### Problem details
Without any pictures, retype exactly the lines from the one with "New Paw Patrol" through the final line of the records.

'''

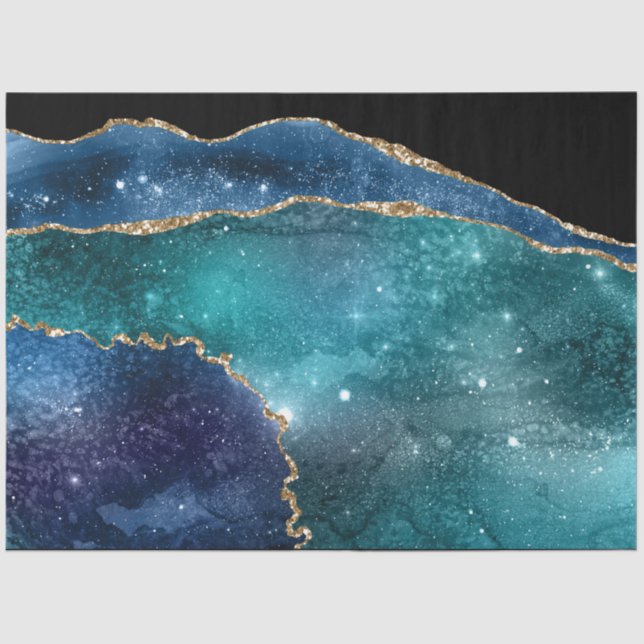 Galaxy Agate Series Design 22 Tissue Paper (Front)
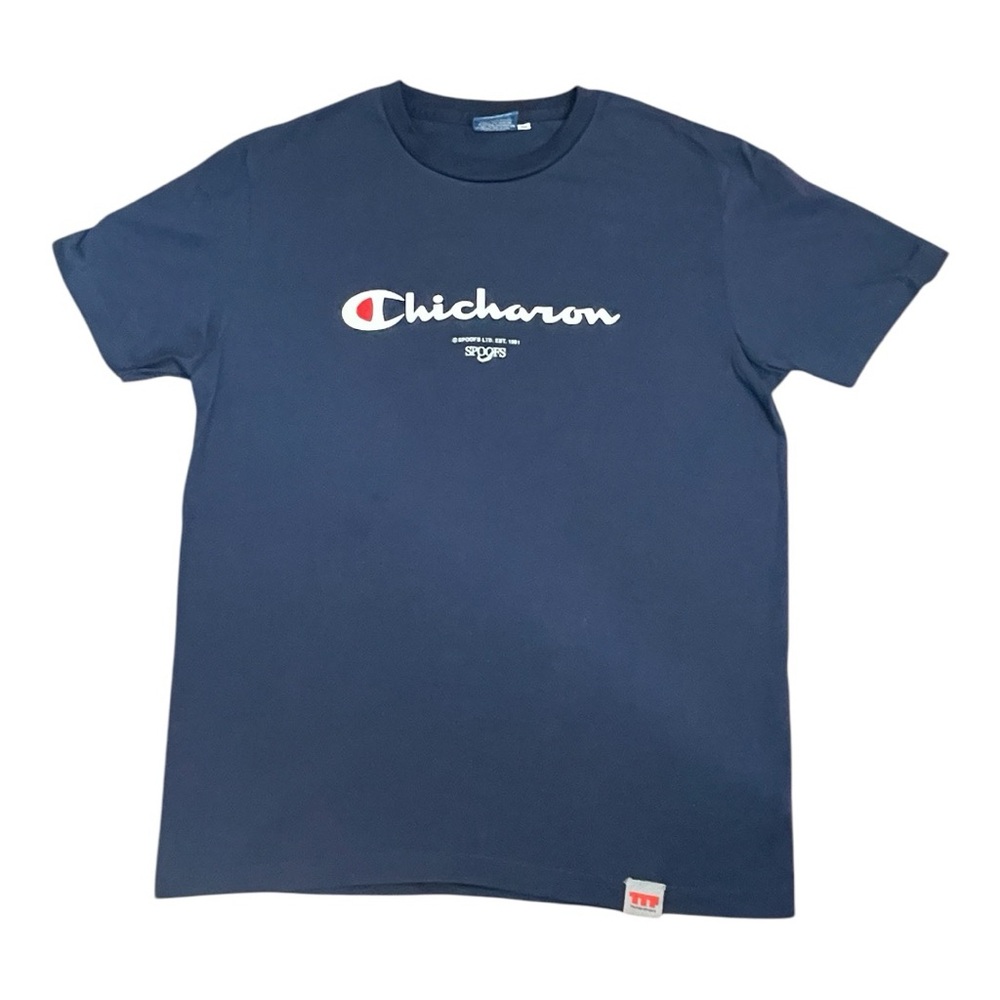 Men’s Navy Filipino Chicharron Tee size: XL ( fits like a large ) * LIKE NEW *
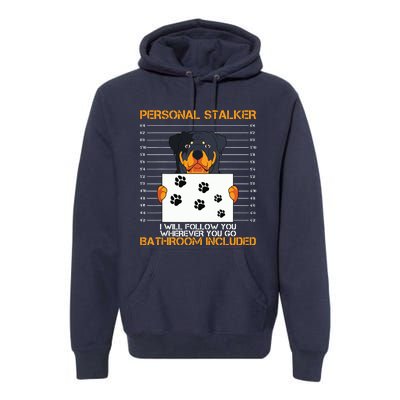 Rottweiler Personal Stalker Dog Owner Breeders Fur Parent Premium Hoodie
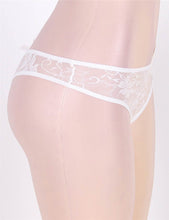 Load image into Gallery viewer, White Crotchless Lace Panty (16-18) 3xl
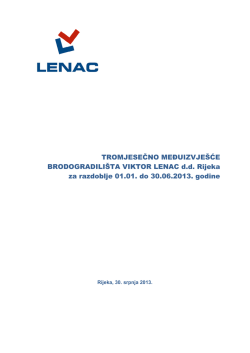 Financijsko izvje&scaron;će Q2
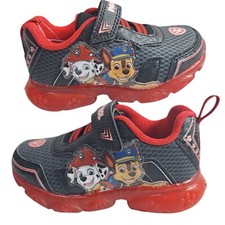New Paw Patrol Toddler Boys' Slip-On Sneakers, Size 7 15cms Color Black/Red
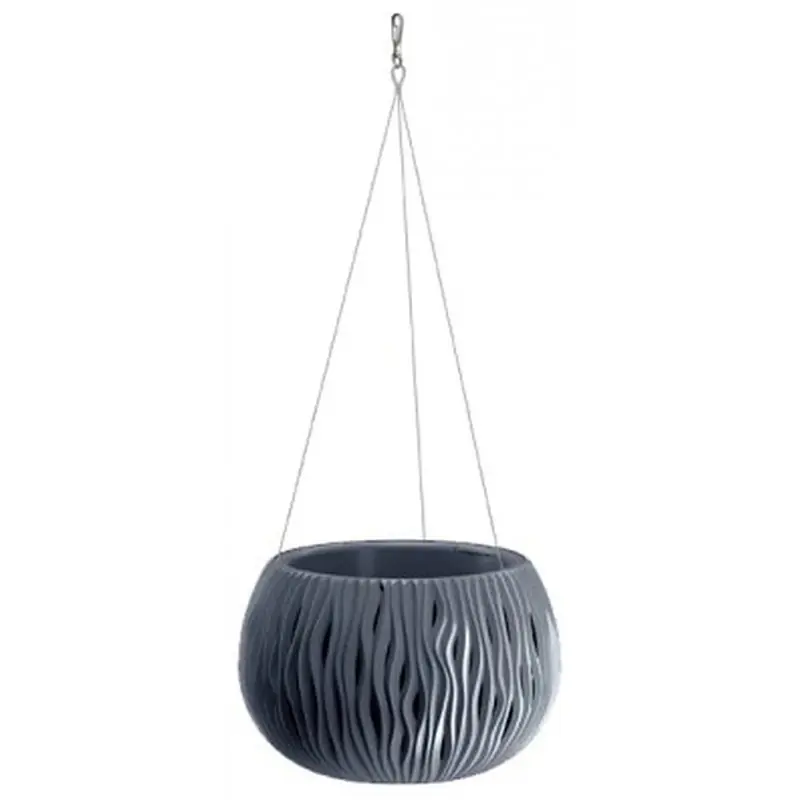 Prosperplast SANDY BOWL WS Hängeblumentopf 29 cm, 3,9l, anthrazit DSK290WS Heißes Angebot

'''

### Finished task
New Paw Patrol Toddler Boys' Slip-On Sneakers, Size 7 15cms Color Black/Red
 Prosperplast SANDY BOWL WS Hängeblumentopf 29 cm, 3,9l, anthrazit DSK290WS Heißes Angebot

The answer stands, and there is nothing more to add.